The focus of our example is transparency through what is called Blending. Thus, we need to enable it with the call

    glEnable(GL_BLEND);

Next, we first render the checker board on which the surface of revolution sits. We disable lighting for this phase of the rendering since we are using colors for the squares of the board versus materials.

We now use the OpenGL function glBlendFunc for setting the type of blending to be applied as the geometries within our scene are rendered. glBlendFunc reguires two int parameters which will be OpenGL constants. The first parameter sets a multiplier that is applied to the colors of the segment being rendered well the second parameter sets the multiplier for the portion of the frame buffer where the segment is being written. The computation that is performed in general is

   firstParameter * incoming pixel color
 + secondParameter * frame buffer pixel color

Since we want the checker board to be fully opaque, each of its color components must be multiplied by one while each of the corresponding frame pixels is multiplied by zero. We accomplish this with the following call made prior to calling our function that draws the board.

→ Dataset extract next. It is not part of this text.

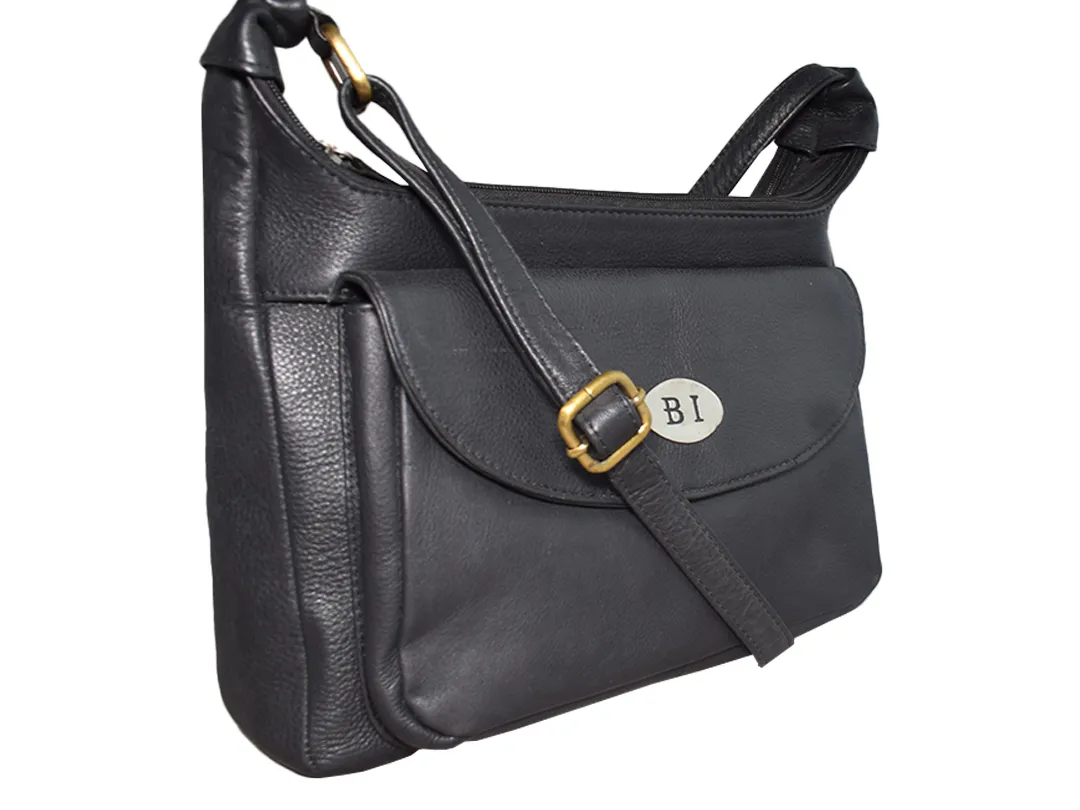 Ivy Women’s Leather Bag Black - BIWB107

    glBlendFunc(GL_ONE, GL_ZERO);

When we render the surface of revolution, we want to use its alpha value for it color multiplier while using one minus this alpha value for the frame buffer multiplier. The call that accomplishes our goal is as follows:

  glBlendFunc(GL_SRC_ALPHA, 
              GL_ONE_MINUS_SRC_ALPHA);

Thus, when the alpha value for the surface of revolution is one (which is value for GL_SRC_ALPHA), the surface will be fully opaque while the board behind the surface will be fully transparent. Now, while the surface's alpha value diminishes to zero, the surface becomes more transparent and the board becomes more opaque.